Todos somos adictos. En mayor o menor medida. Algunos lo confesamos, otros lo ocultan y hay quien, con cierta vergüenza, solo admite pequeños escarceos. Pero no nos engañemos, todos lo deseamos.

Desde la juventud, cuando lo descubrimos, casi a escondidas, como si fuera un delito, iniciamos una estrecha dependencia. De forma sutil y encubierta transitamos de su mano al mundo adulto. Hacerlo por primera vez significa cruzar la frontera definitiva hacia la madurez.

Y es llamativo ese deseo. Lo descubrimos en necesaria compañía, pero la evolución de la vida nos lleva por cualquier derrotero: y podemos acabar prefiriendo hacerlo en solitario e incluso en multitud (aunque esto último implique perder la consciencia de que es lo que en verdad nos pertenece). Pero lo habitual, lo más establecido, nos lleva a hacerlo en pareja, sea o no la nuestra o la elegida.

Y sobre preferencias… existe todo un universo.

La primacía por el mañanero se iguala con la opción del nocturno aunque todos debemos concluir que la magia de la noche, de la luna, de la brisa silenciosa, convida en sobremanera al disfrute y al deleite y agasaja los sentidos de forma excepcional. Y aun así, hay quien está dispuesto a todas horas, en todo momento y situación, que el refranero es sabio y “la ocasión la pintan calva”.

Y el rigor social y la convivencia determina e influye también en su ejercicio. Lo frecuente  es que el hogar sea el escenario y no voy a ser yo quien se atreva a incitar al desmán y a romper la familia… pero fuera de casa ¡que bien sabe! y, -no nos mostremos mojigatos y reconozcámoslo- es mucho más corriente de lo que se piensa, mucho más habitual, hasta el punto de surgir un gran negocio a su alrededor. Quizás, el de la oficina, el del trabajo,  -ese que sabe a delito, a pecado, a transgresión y flaqueza,  a perversión contra el orden y el poder- se muestra como el más sugerente y fascinante.

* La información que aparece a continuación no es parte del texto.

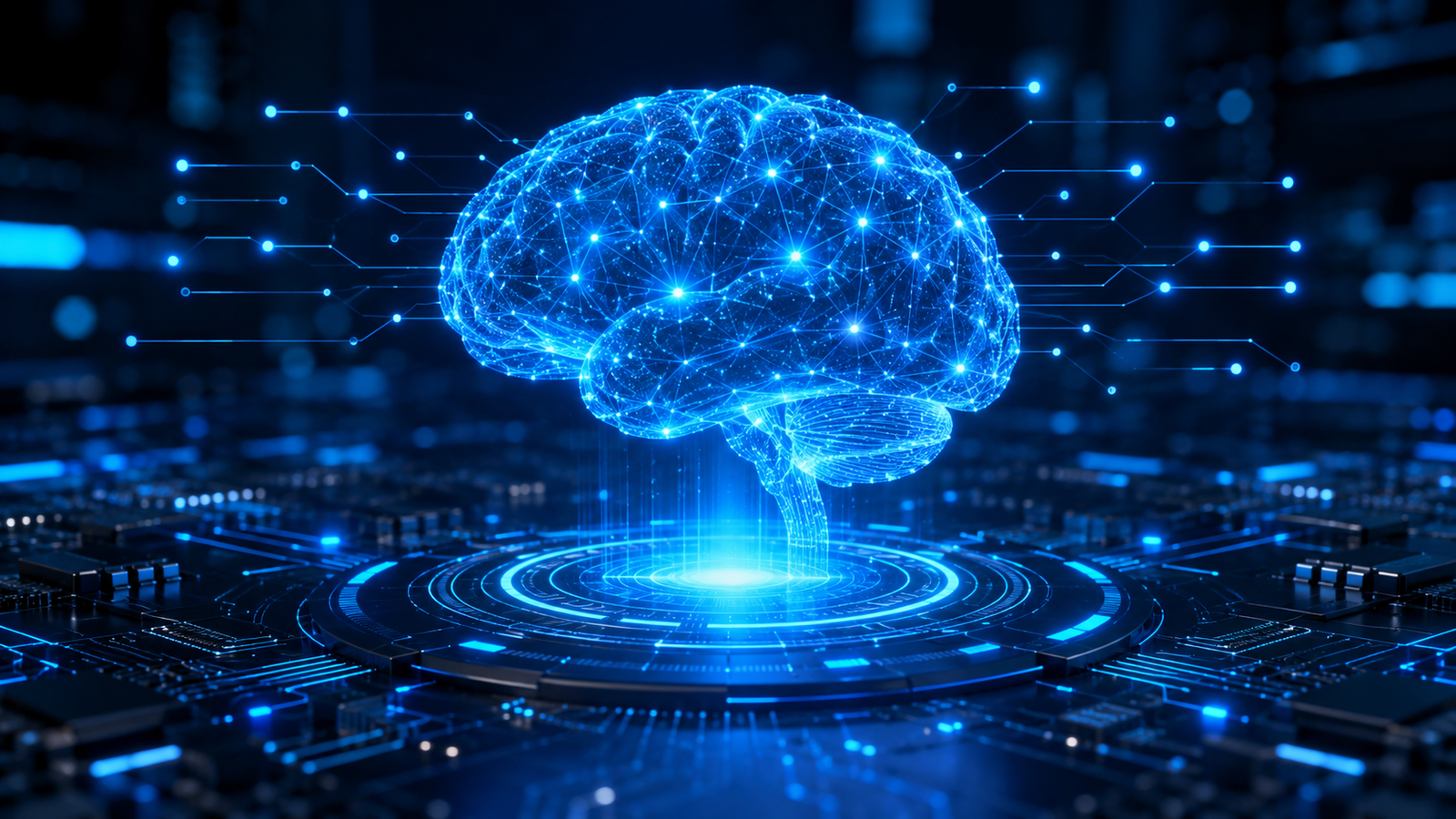 Digital Skills: AI Essentials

¡Qué vital es la juventud! Somos capaces de tantos y tantos… en todo momento y por cualquier motivo… siempre estamos dispuestos… y la edad, con su tiránica ley biológica, va reduciendo y reduciendo nuestra capacidad -que no nuestro deseo- hasta que, casi en la vejez, acabamos olvidándolo o mudándolo por precarios sucedáneos.

Para algun@s son sólo unos instantes. Apurado y brusco. Con urgencias que saben siempre a desconsuelo. Un simple destello y toca acabar, generalmente para marchar dando la espalda a la grandeza que encierra. Otr@s, en cambio, lo disfrutan suavemente, con delicadeza, con calma, sintiéndose poseid@s por una magia que emana del tacto, del aroma, del roce, del conjunto de sentidos.

Todos somos adictos. Y aunque la hipocresía y la afectación impuesta por el modernismo en el que vivimos que impone un rigor de actuación acorde a parámetros adecuados, resulta imposible negarlo: todos somos adictos.

Yo al menos lo confieso. No puedo vivir sin un café.